▶ _What the exercise asks_
Your output should be the complete listing, word for word, with no pictures in it.
(Stored data begins)
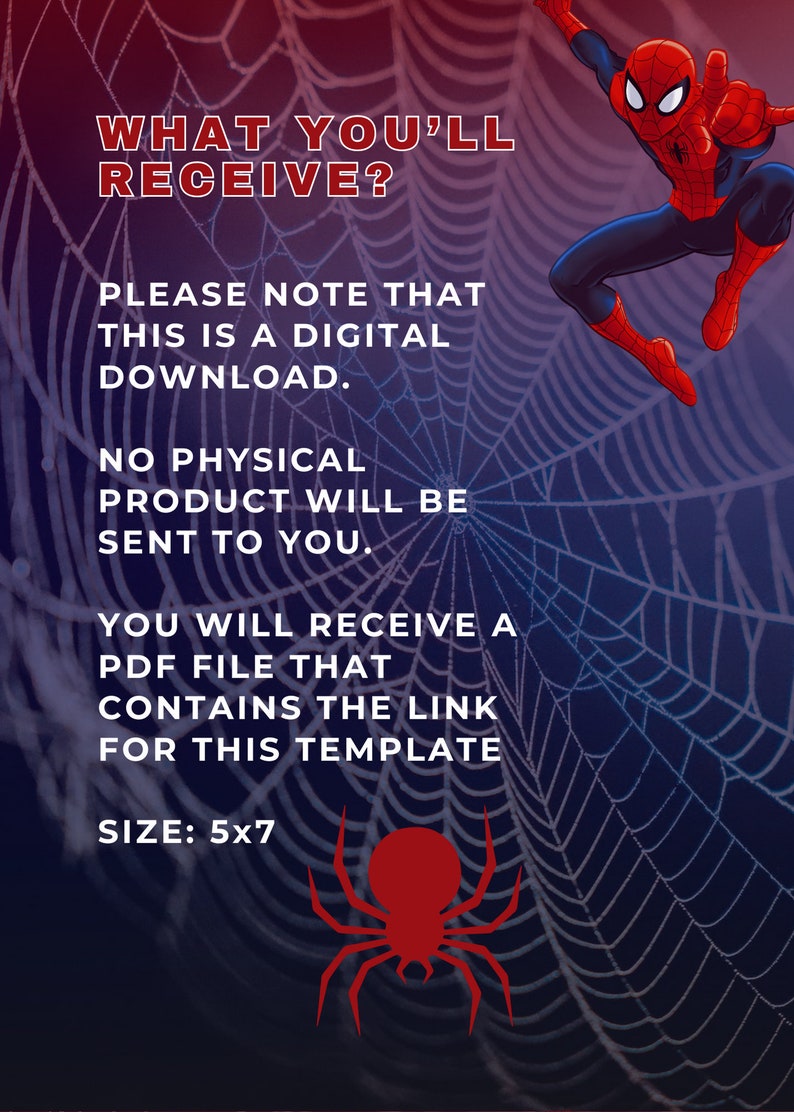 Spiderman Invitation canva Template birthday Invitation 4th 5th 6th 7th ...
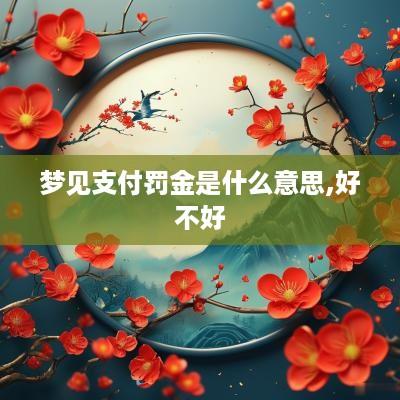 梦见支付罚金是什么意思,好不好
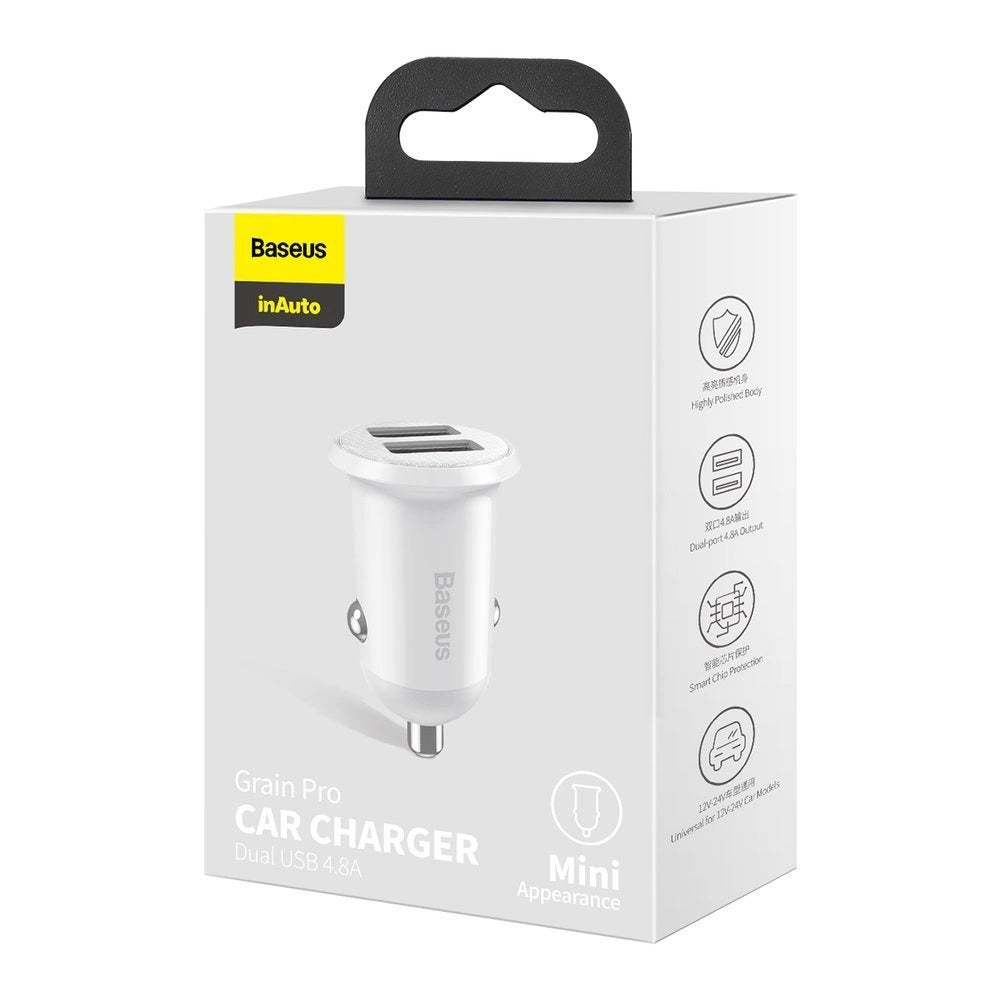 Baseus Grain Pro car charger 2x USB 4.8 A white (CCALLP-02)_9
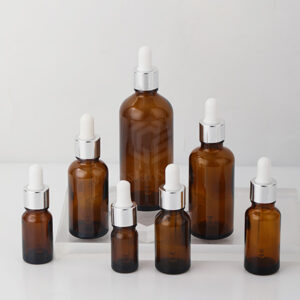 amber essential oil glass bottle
(Stored data ends)
▶ _Response to this exercise_
 Spiderman Invitation canva Template birthday Invitation 4th 5th 6th 7th ...
 梦见支付罚金是什么意思,好不好
 Baseus Grain Pro car charger 2x USB 4.8 A white (CCALLP-02)_9
 amber essential oil glass bottle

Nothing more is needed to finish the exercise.